= John Cook (professor, born 1739) =

John Cook (1739-1815) was Professor of Humanity at St Andrews University from 1769 to 1773 and Professor of Moral Philosophy at the same institution 1773 to 1814.

==Life==
He was the son John Cook, minister of St Monans, who was born about 1711, and his wife Anne. They married on 11 March 1738. His mother, Anne, died on 12 February 1756, aged 48. (His father was the son of Thomas Cook, merchant, Elie, and Christian Gillespie. His father was educated at Univ. of St Andrews; licen. by Presb. of Haddington 4th Jan. 1732; called 12th Aug., and ord. 31st Oct. 1734; died 24 June 1751).

He succeeded to the estate of Newburn in Fife.

He died on 1 July 1815

He was Professor of Humanity at St Andrews University from 1769 to 1773 and Professor of Moral Philosophy 1773 to 1814.

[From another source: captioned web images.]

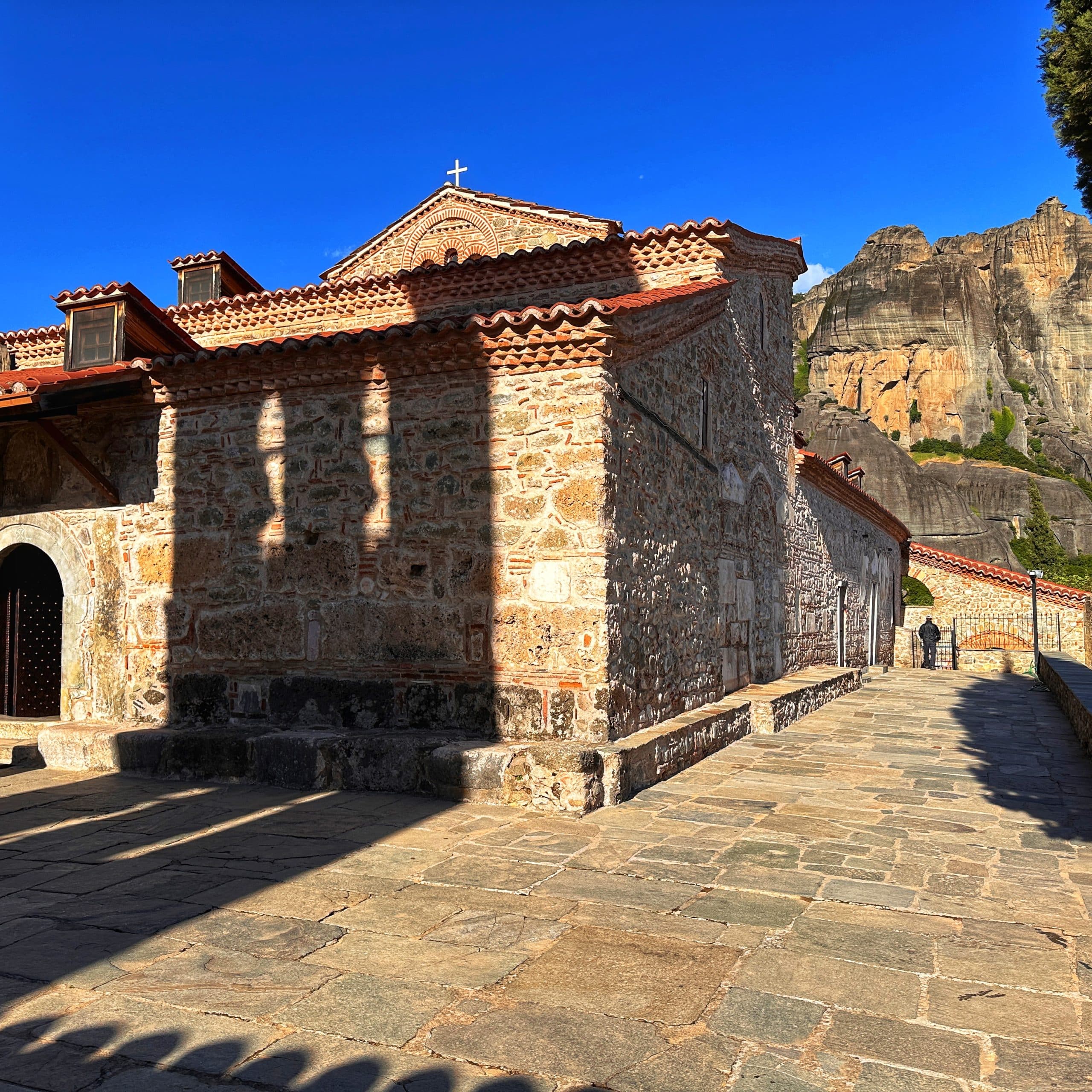 Two-Days Tour from Athens to Meteora by Train/Bus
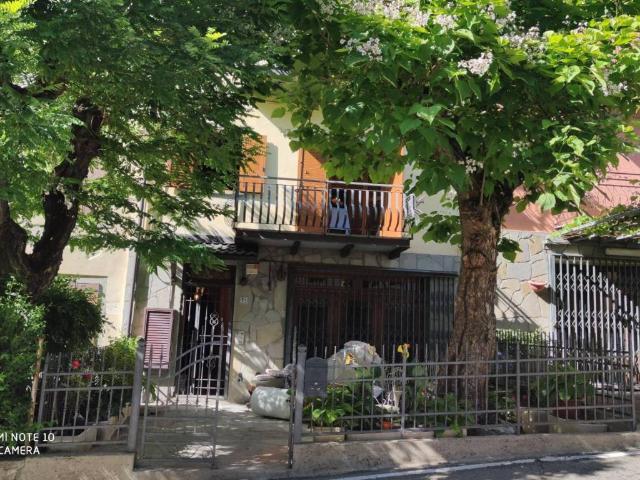 Villa Indipendente in vendita a Unione dei comuni del Frignano, Fanano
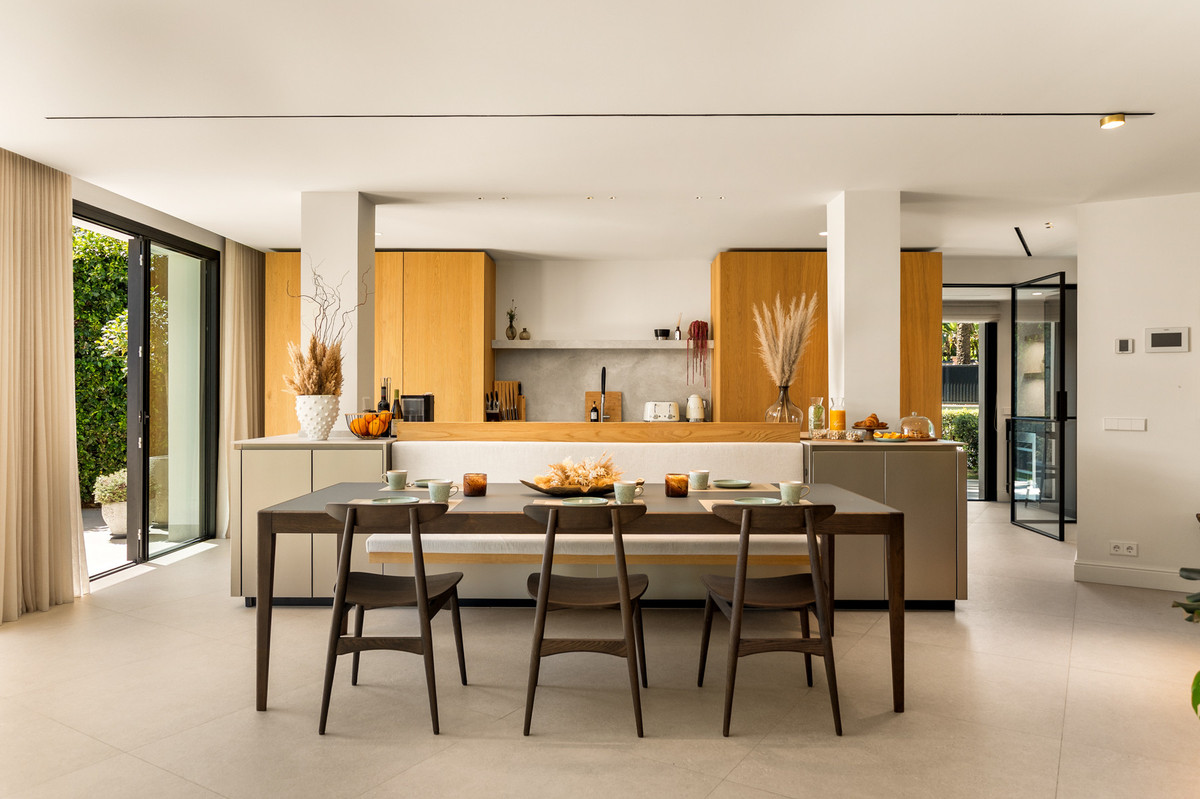 Villa for rent in Los Monteros, Marbella East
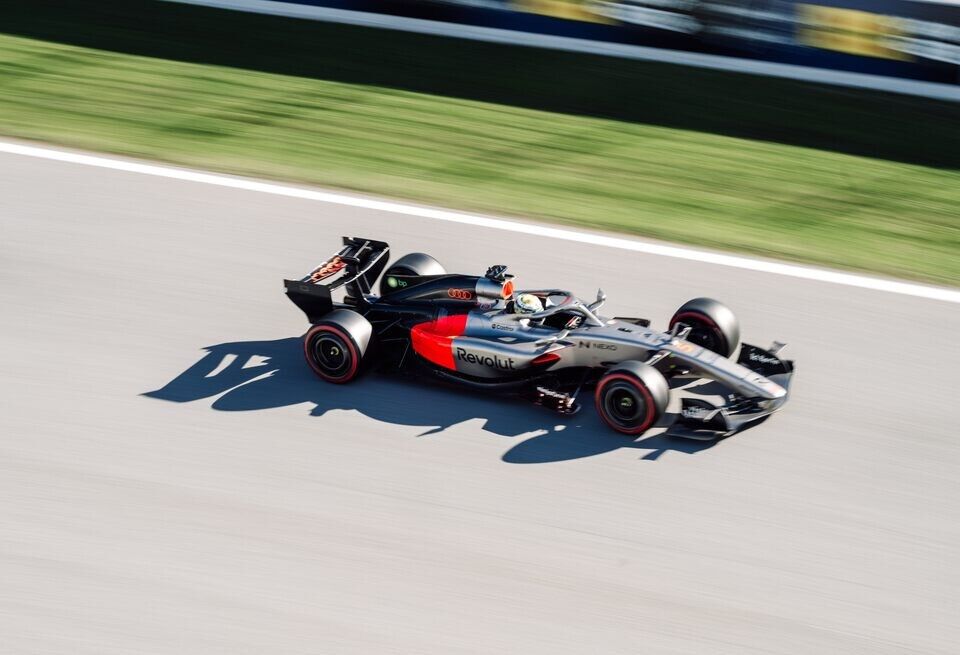 ������ ������� � ������ ������ Audi � ������� 1: ���� ������ � ����� �����������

He died in St Andrews and is buried in the churchyard of St Andrews Cathedral just west of St Rules Tower.

==Family==

In 1770 he married Janet Hill, sister of his colleague, George Hill. Their children included George Cook and John Cook, Professor of Hebrew at St Andrews.

His grandson (son of George) was Moderator of the General Assembly of the Church of Scotland in 1859.